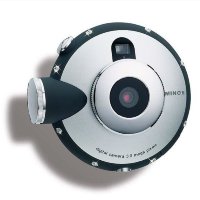 Цифровая камера MINOX DD1 Diamant (60621) - миниатюра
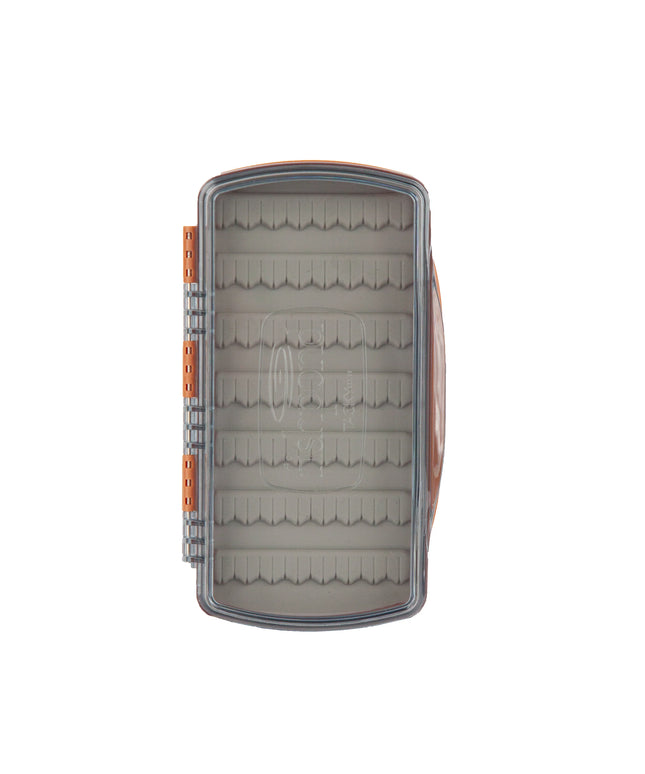 Fishpond Tacky Pescador Fly Box Clear - Medium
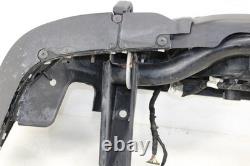 2024-2025 Chevrolet Colorado ZR2 Bison Rear Bumper Assembly With Sensors OEM PQ44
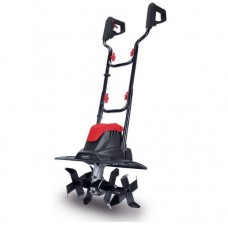  Культиватор электрический Scheppach MTE380
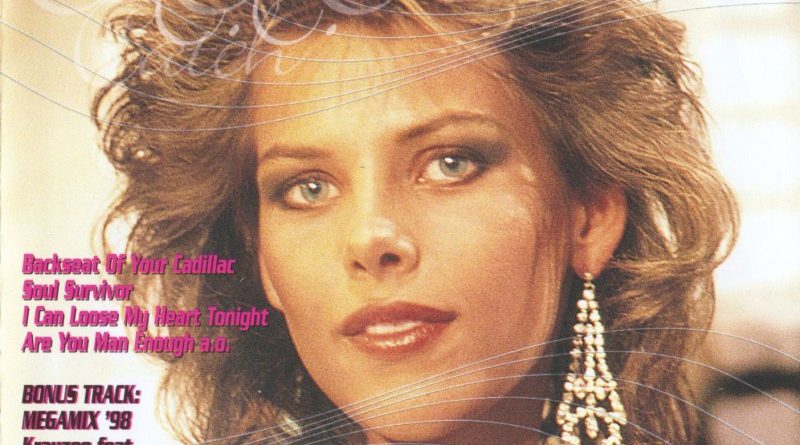 C.C. Catch - Heartbreak Hotel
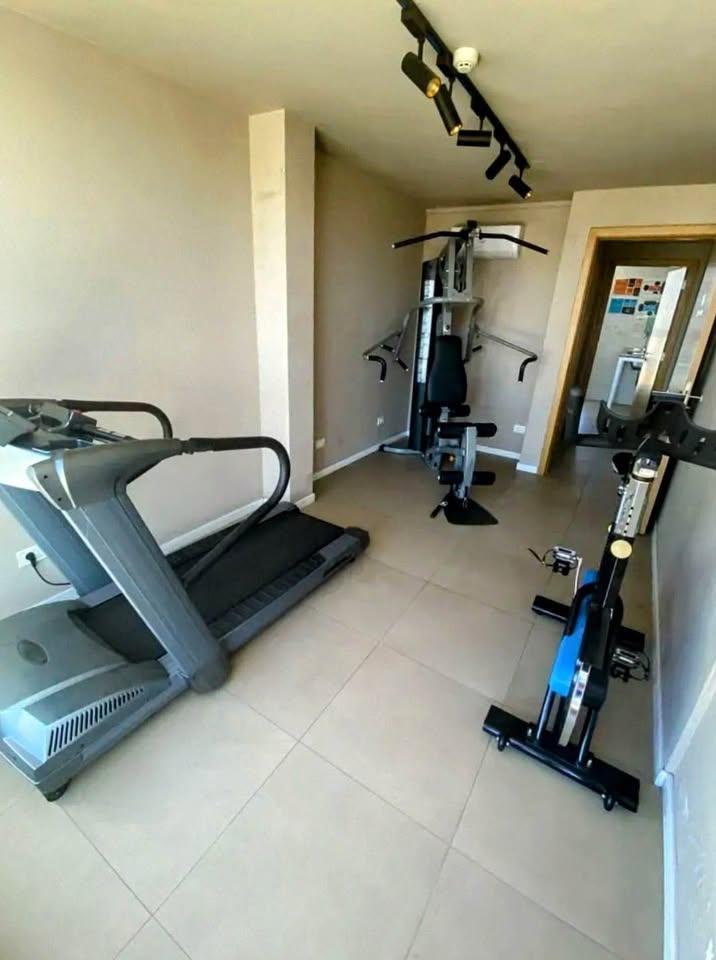 Apartamento en Pocitos, propiedad 274429 -Imagen 6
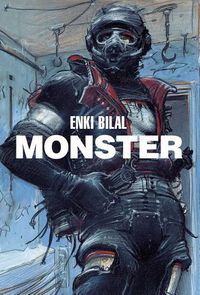 Produktbild: Monster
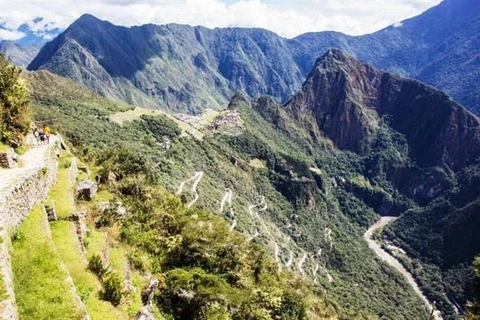 Efectúan en Hanoi exposición “Qhapaq Ñan - El Gran Camino Inca”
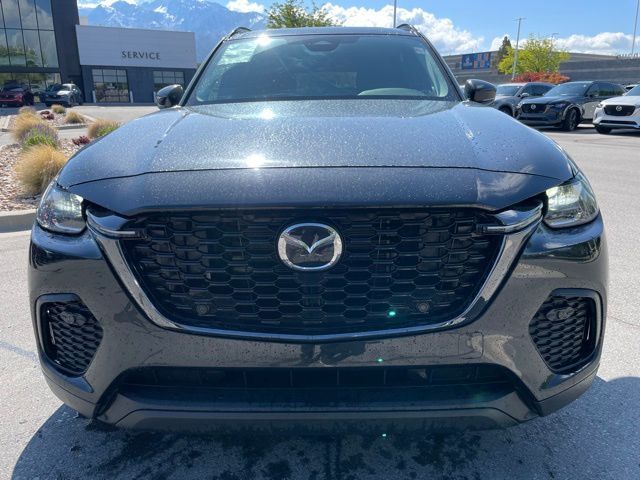 2025 Mazda CX-70 3.3 Turbo Preferred Package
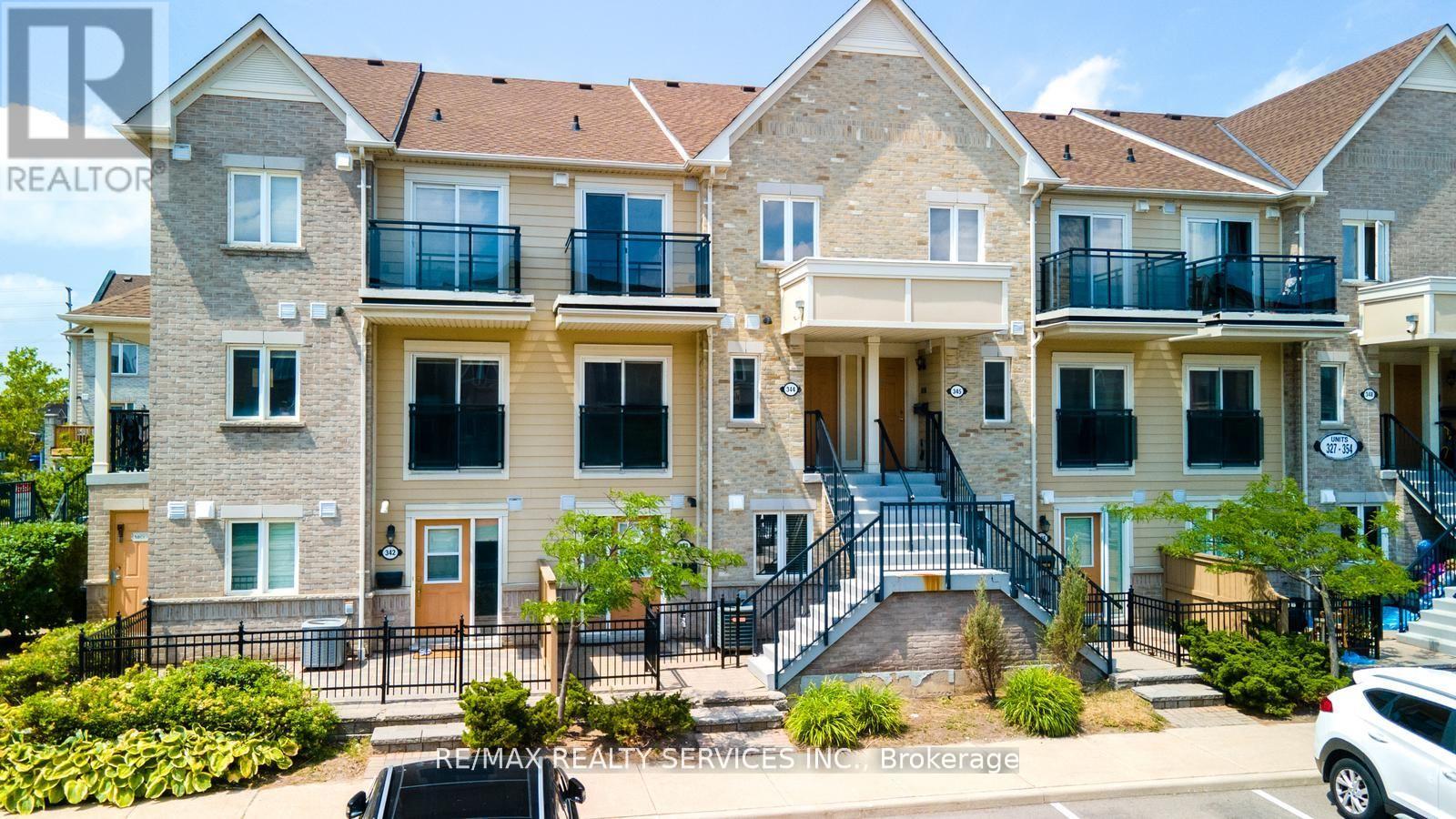 Photo 11 of 344 4975 Southampton Drive, Mississauga ON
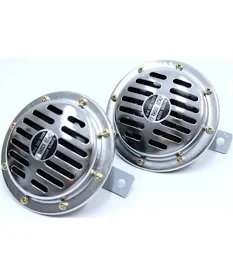 12W HELLA 2 Lİ KORNA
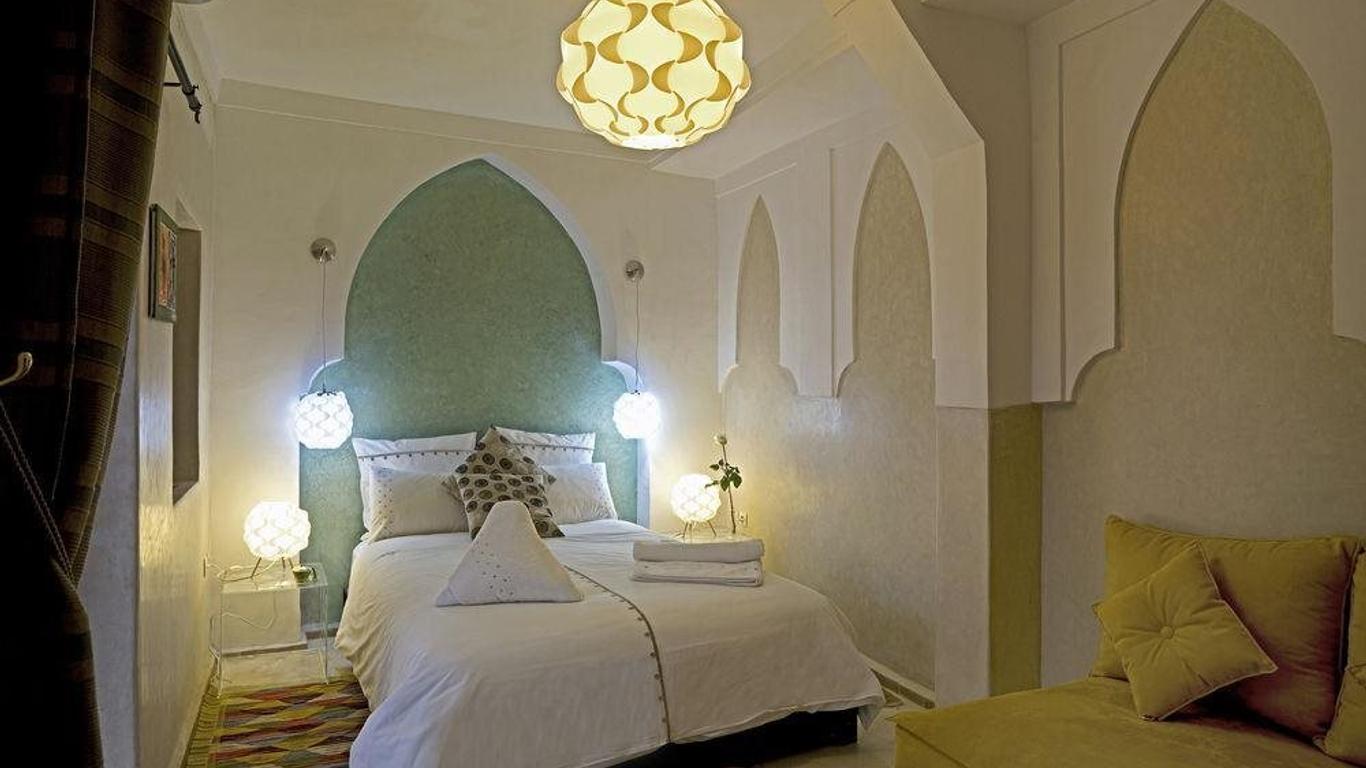 Riad Alnais
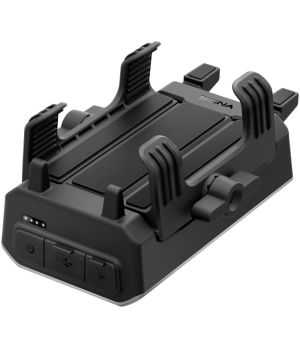 Sena - Sena Powerpro Mount Handlebar Phone Mount With Charger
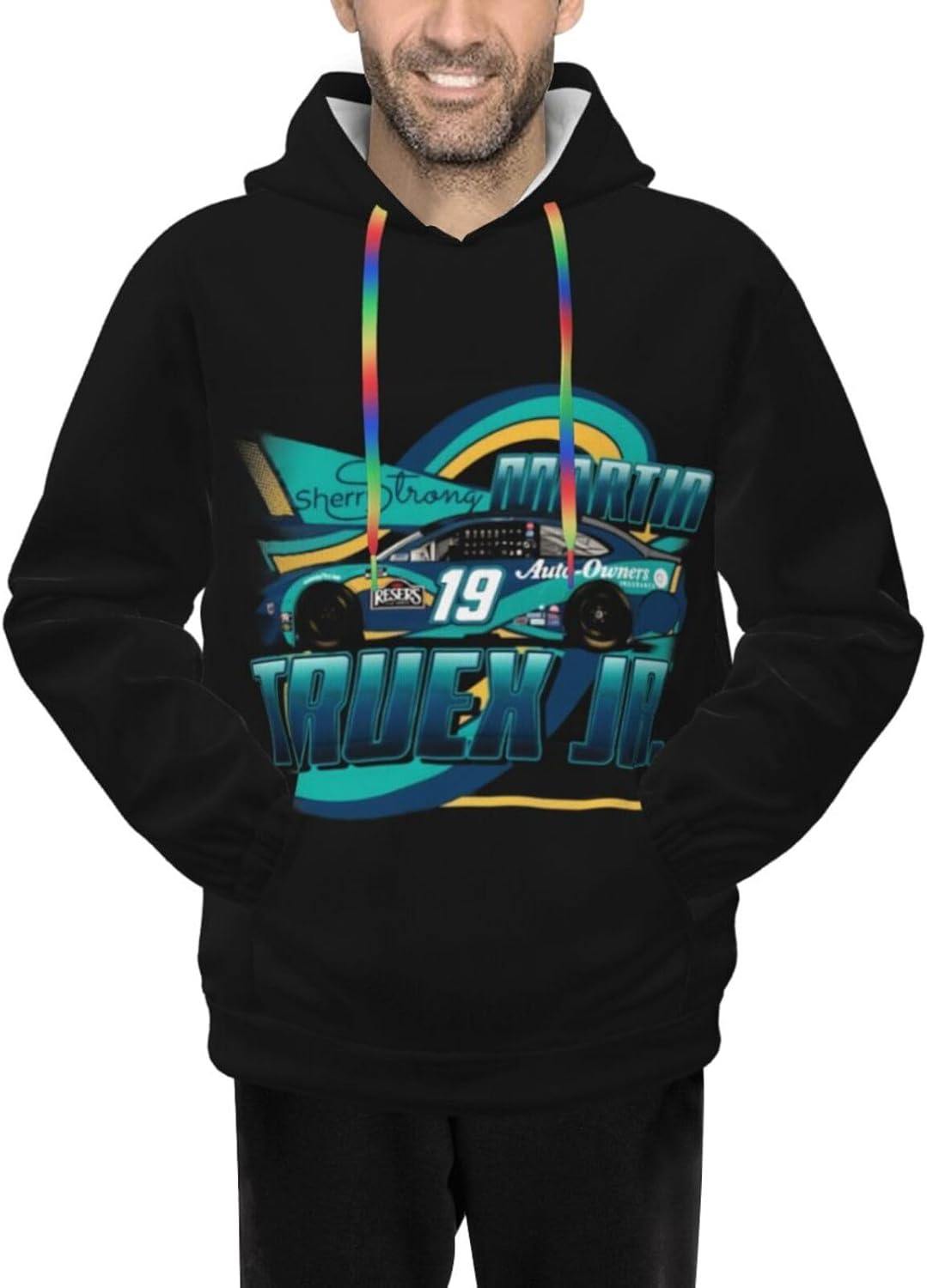 trendy sportswear for men and women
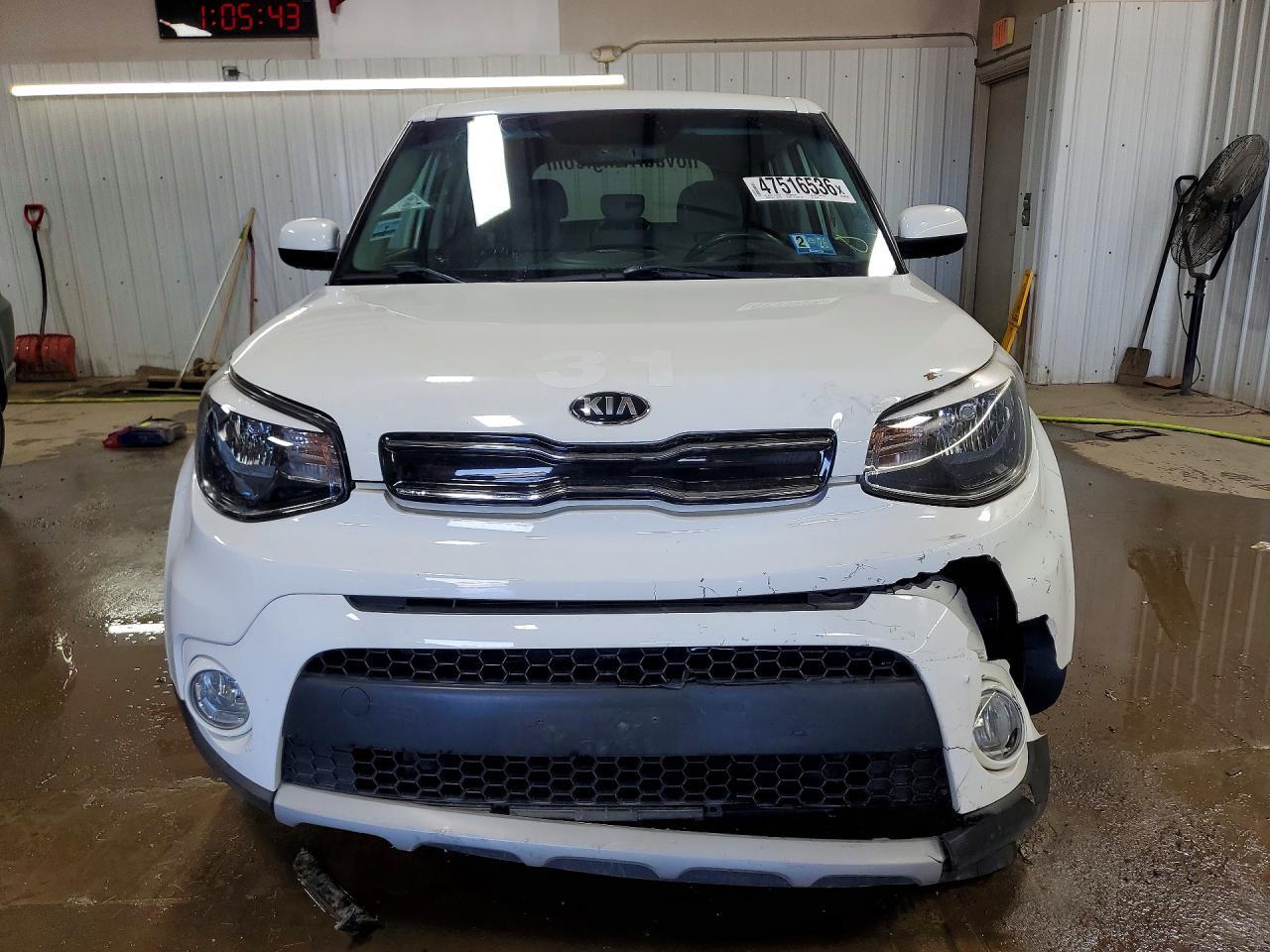 2019 Kia Soul + - Фото 5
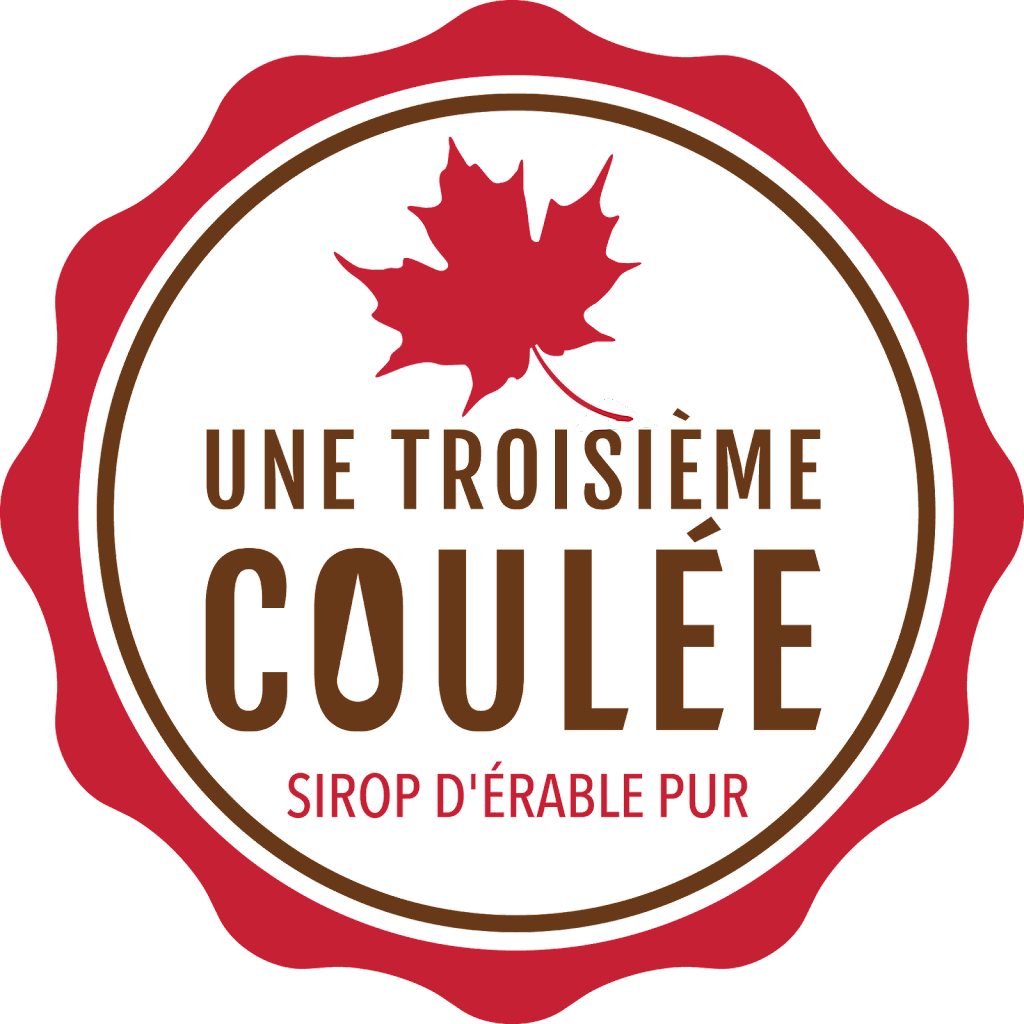 Une troisième coulée | 301 Rte Cyr, Saint-Sylvestre, QC G0S 3C0, Canada | Phone: (418) 387-9680
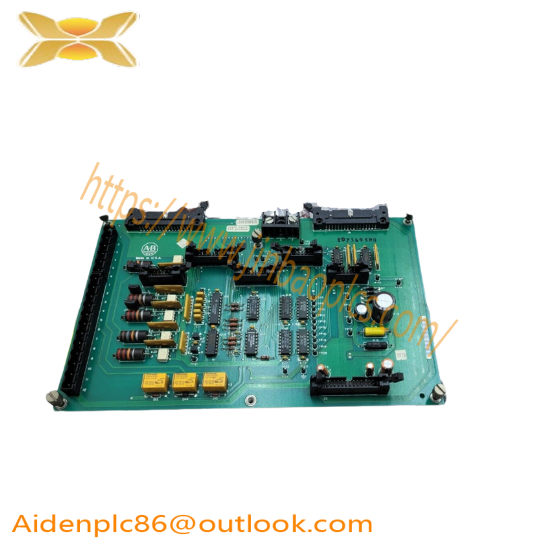 sp-119524_pc_board.png Schneider Electric SP-119524 PC Board, Advanced Control Module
---+---
What do the lines above say from the line containing "trendy sportswear for men and women" through the last line? Quote them exactly, both ends included, and leave out the pictures.

### [Output of the task]
 trendy sportswear for men and women
 2019 Kia Soul + - Фото 5
 Une troisième coulée | 301 Rte Cyr, Saint-Sylvestre, QC G0S 3C0, Canada | Phone: (418) 387-9680
 sp-119524_pc_board.png Schneider Electric SP-119524 PC Board, Advanced Control Module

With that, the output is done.